First, let’s look at an example of the numbers that probably prompted Sony’s move. Here’s how many units each console sold for the the week of January 17, according to Japanese research firm Media Create (via 4gamer):

  • New 3DS LL: 30,172
  • PlayStation 4: 25,592
  • PlayStation Vita: 18,202
  • Wii U: 15, 398
  • New 3DS: 4,797
  • PlayStation 3: 1,939
  • 3DS LL: 1,162
  • Xbox One: 99

(And yes, that’s the actual sales numbers for the Xbox One in Japan for a week. Scary, huh?)

Right now, out of all three consoles, the Wii U has sold the most in its lifetime to date—a very different story from the West, where it’s seen as lagging behind. Even so, the sales of all three platforms are pretty abysmal compared to the West—the 2.2 million Japanese sales of the PlayStation 4 are but a teensy fraction of its nearly 36 million units sold globally. Boxed software sales in Japan are at their lowest numbers in decades.

Quite bluntly: Japan is now a mobile gaming country. I don’t just mean smartphones, either: eight of the top ten software best-sellers of 2015 were 3DS games. Even the Vita, which is on niche life support outside of Japan, is doing quite well for itself over there. Long story short: The PlayStation 4 isn’t doing as well as the PlayStation 3 did in Japan, and the PlayStation 3 was already known for not reaching the lofty sales heights of the PlayStation 2. Ever since the mid-00s, it’s been a downwards slope for Sony console sales in Japan. Meanwhile, it’s selling like hotcakes everywhere else. For example, In the West, Sony expects the PlayStation 4 sell more than the PlayStation 3.

Given these numbers, it only makes sense for a company division whose primary business is consoles to locate themselves in a place where the consoles are actually selling worth a damn. Following the market and all that. It’s the sign of a dramatic shift that’s happened in the last decade: Japan is no longer seen as the “home base” of console gaming, from a development or sales perspective, even among Japanese companies.

Some fans of Japanese games might be worried by this—does this mean that Sony is leaving Japanese development behind? Is the doom and gloom about Japanese gaming’s irrelevance true?

Well, no. There are plenty of great Japanese-developed titles still releasing. What is happening, however, is that fewer Japanese developers are making console games, and the ones that are still working on them are now doing so with a global audience in mind, rather than treating them as an afterthought. You can see this at work in the Japanese-developed exclusives Sony’s been working to secure—games like Persona 5, Street Fighter V, and King of Fighters XIV are all games with a distinctly Japanese flair, but have big global fan followings.

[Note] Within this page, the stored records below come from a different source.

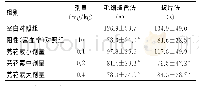 表1 芫花素对小鼠凝血时间的影响Tab.1 Effects of genkwanin on coagulation time in mice (n=10, ±s)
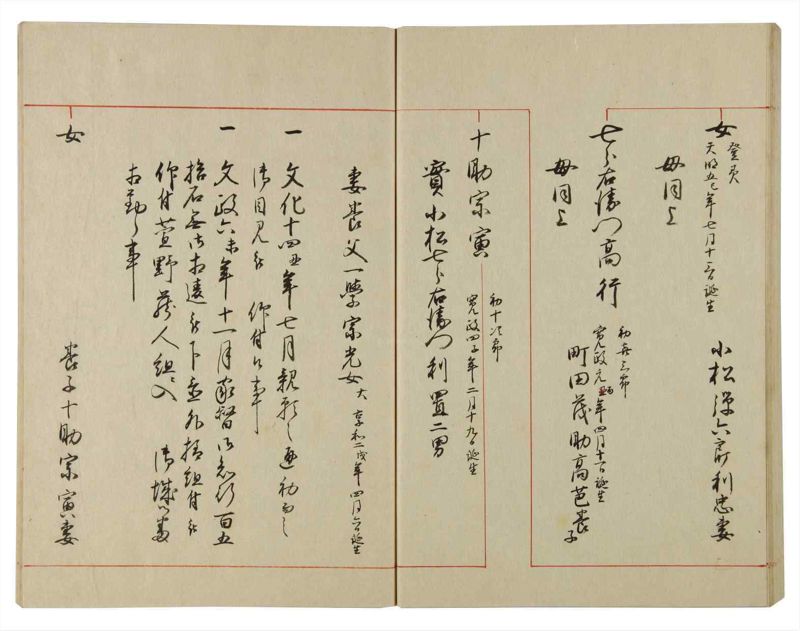 諸士系譜　巻之110　か之部18 - ページ 64
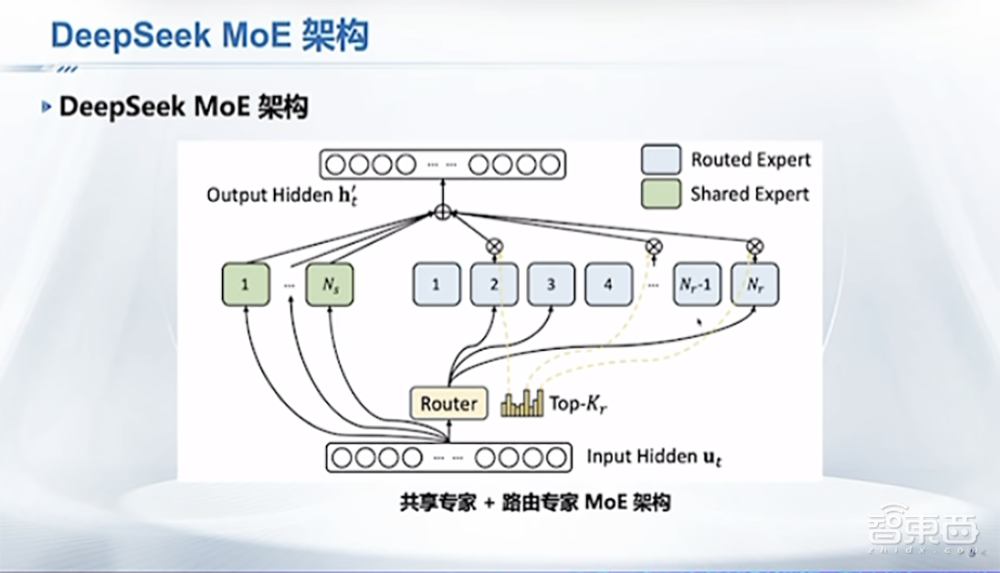 DeepSeek最强专业拆解来了,清交复教授超硬核解读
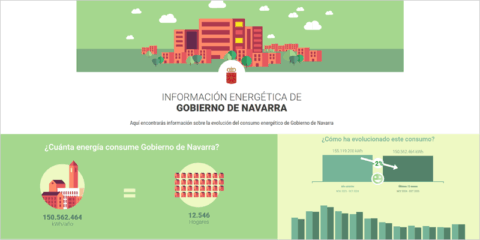 La plataforma de información energética de Navarra contará con cuatro nuevos módulos avanzados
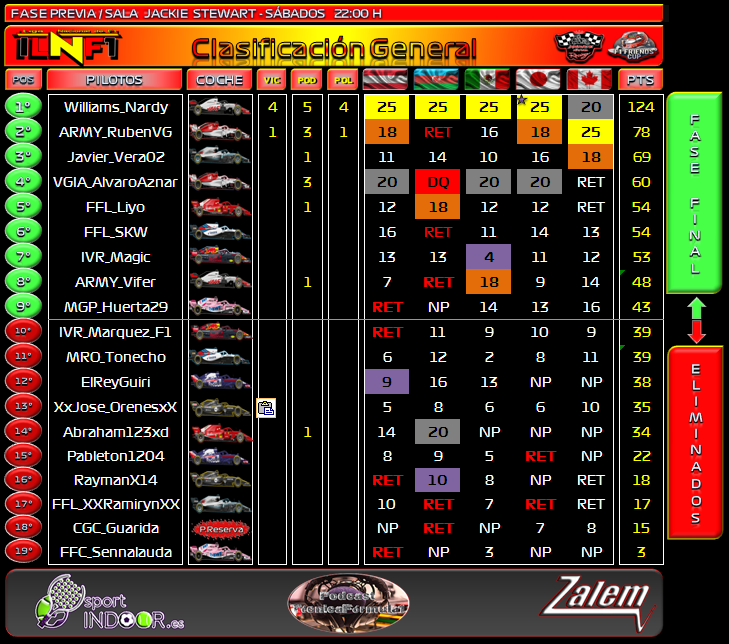 CLASIFICACIÓN GENERAL Clasif38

But what about niche genres, like traditional Japanese role-playing games and visual novels? Since those are geared towards a Japanese audience first, they’ll appear mostly on portables like the 3DS and PS Vita.

Sony’s certainly not abandoning Japanese development on their end, either—we’ve got Gravity Rush 2 and The Last Guardian coming, along with plenty of other rad-looking titles (including whatever Hideo Kojima has up his sleeve). It doesn’t look like development in Japan will be too heavily impacted by the move, either. After all, we got great Western-made games like God of War and Uncharted while Sony Computer Entertainment was headquartered in Tokyo, why would the situation be any different for their Japanese development branches when things shift Stateside?